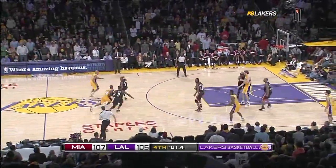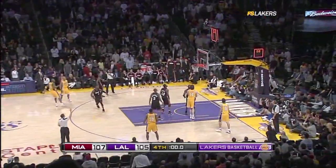Kobe, he's got it. Can he get it off in time? On the run, off the glass. He did it! He did it again! Amazing!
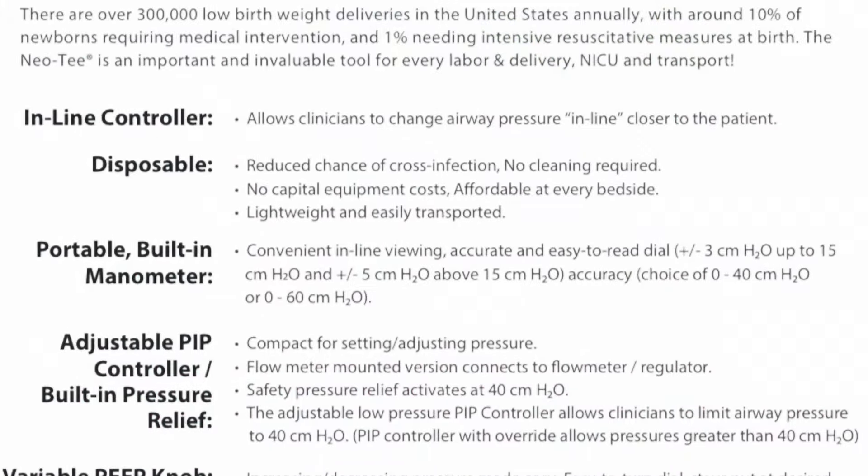As with any positive pressure device, you'll need to look for increase in heart rate, chest rise, saturations, and change in the color of the patient. And this is how to utilize a Neo-T in neonates.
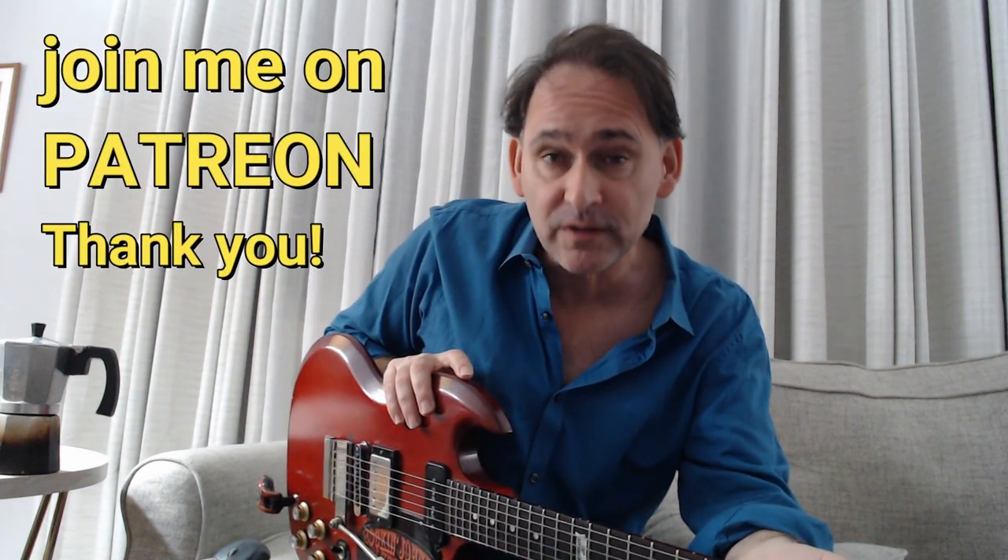Hi, this is Johnny Bergen with another Chicago blues guitar lesson. I do want to let you know I started a Patreon channel to help me keep these free, weekly, unique blues guitar lessons going. So let's get right into it.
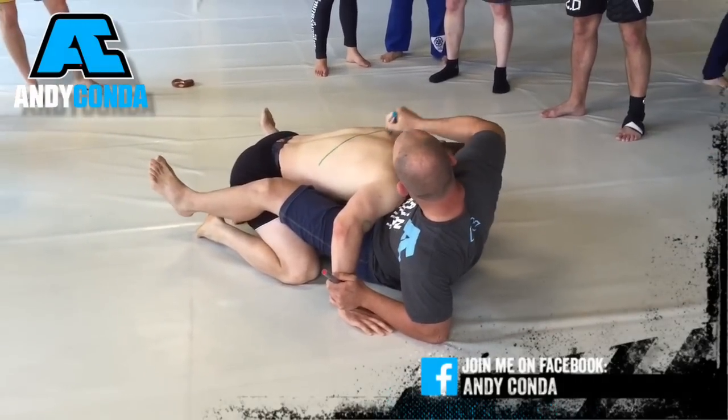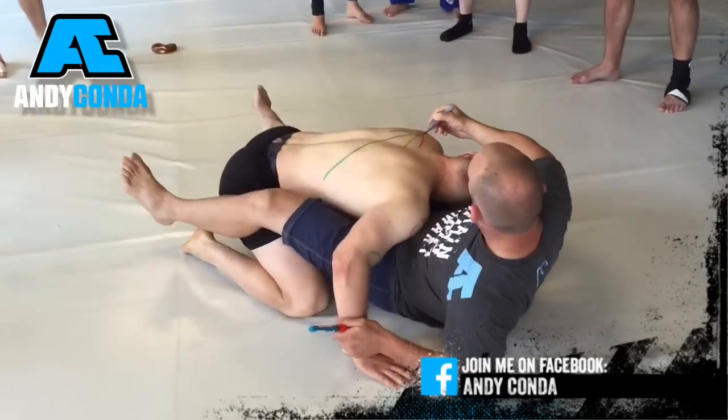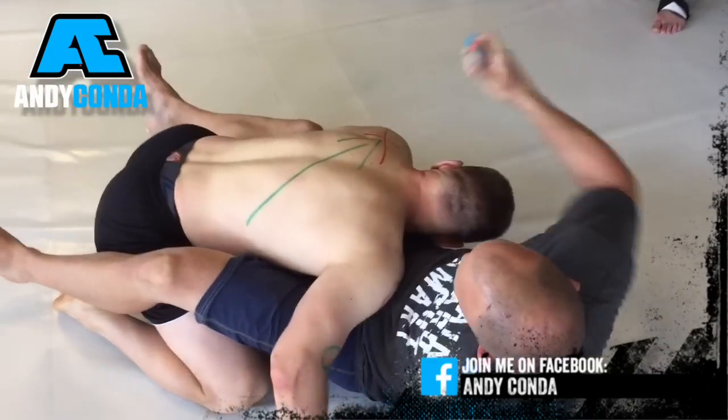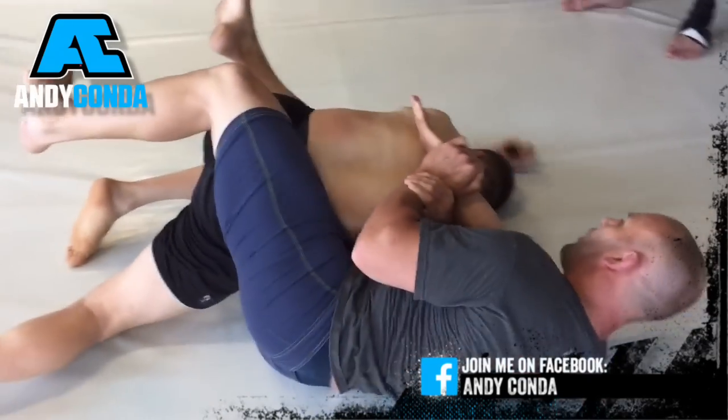All the techniques that you can use when you are slippery and wet have the form of a Brezel. Traction or friction is the key to the success of getting a hold on your opponent and making sure that you win the fight.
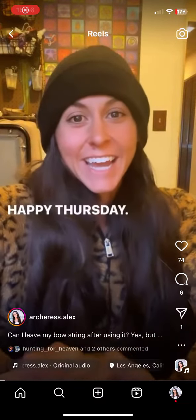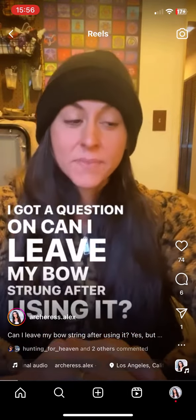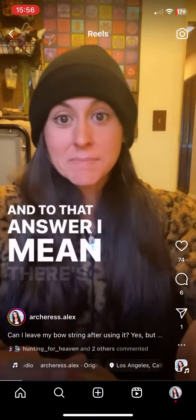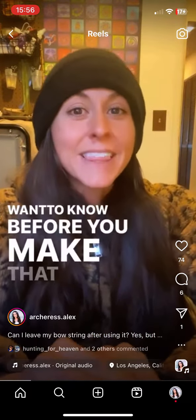Hi guys, happy Thursday! I got a question: can I leave my bow strung after using it? And to that answer, there are a few things that you want to know before you make that decision.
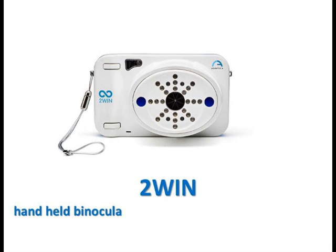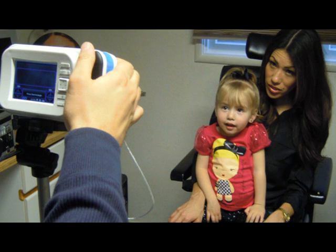The 2-WIN is a fully automated handheld binocular refractometer and vision analyzer. It measures refraction of both eyes at the same time, at a distance of 1 meter. The device offers significant benefits to the provider and the patient.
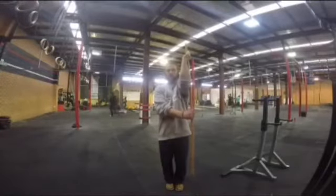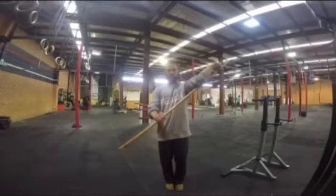Reach around and clasp the stick. With the other hand, gently pull the stick to externally rotate the shoulder.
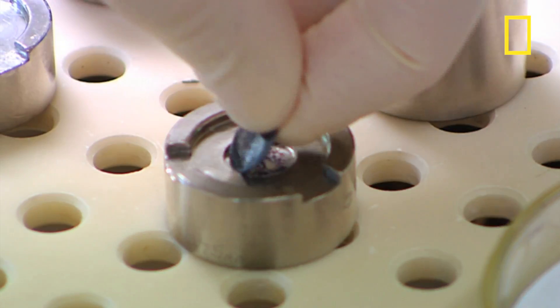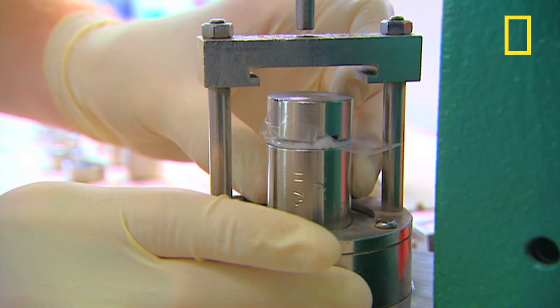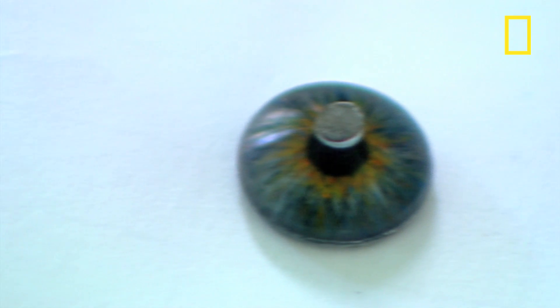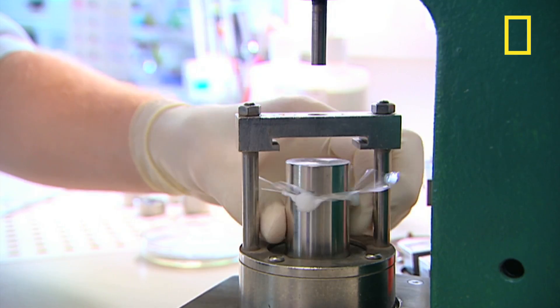After 18 hours the iris paint is dry and it gets pressed into a button-shaped disc. This puts a curve on top of the iris so that it will be flush on top of the round eye.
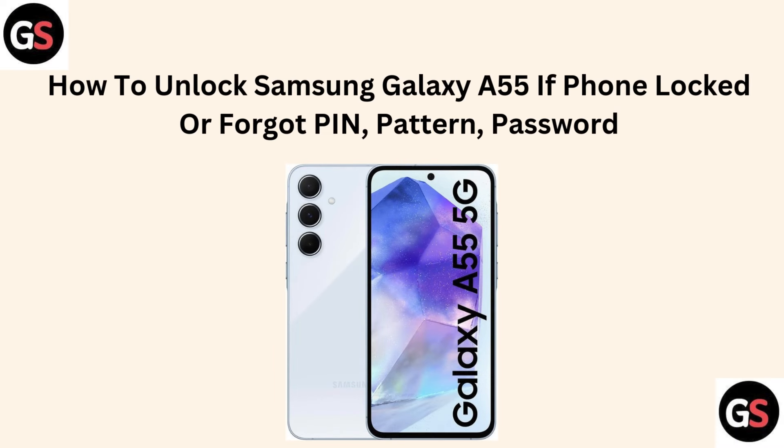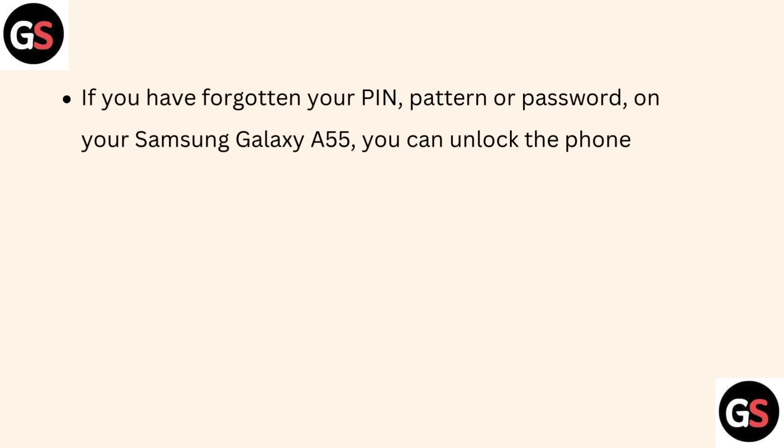Hello friends, today I am talking about how to unlock a Samsung Galaxy A55 if the phone is locked or you forget your PIN, pattern, or password. If you have forgotten your PIN, pattern, or password on your Samsung Galaxy A55, you can unlock the phone by performing a hard reset.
____________________
* Task objective *
Produce the material above again in full, with identical lines and no pictures.

* Task answer *
Kobe, he's got it. Can he get it off in time? On the run, off the glass. He did it! He did it again! Amazing!
As with any positive pressure device, you'll need to look for increase in heart rate, chest rise, saturations, and change in the color of the patient. And this is how to utilize a Neo-T in neonates.
Hi, this is Johnny Bergen with another Chicago blues guitar lesson. I do want to let you know I started a Patreon channel to help me keep these free, weekly, unique blues guitar lessons going. So let's get right into it.
All the techniques that you can use when you are slippery and wet have the form of a Brezel. Traction or friction is the key to the success of getting a hold on your opponent and making sure that you win the fight.
Hi guys, happy Thursday! I got a question: can I leave my bow strung after using it? And to that answer, there are a few things that you want to know before you make that decision.
The 2-WIN is a fully automated handheld binocular refractometer and vision analyzer. It measures refraction of both eyes at the same time, at a distance of 1 meter. The device offers significant benefits to the provider and the patient.
Reach around and clasp the stick. With the other hand, gently pull the stick to externally rotate the shoulder.
After 18 hours the iris paint is dry and it gets pressed into a button-shaped disc. This puts a curve on top of the iris so that it will be flush on top of the round eye.
Hello friends, today I am talking about how to unlock a Samsung Galaxy A55 if the phone is locked or you forget your PIN, pattern, or password. If you have forgotten your PIN, pattern, or password on your Samsung Galaxy A55, you can unlock the phone by performing a hard reset.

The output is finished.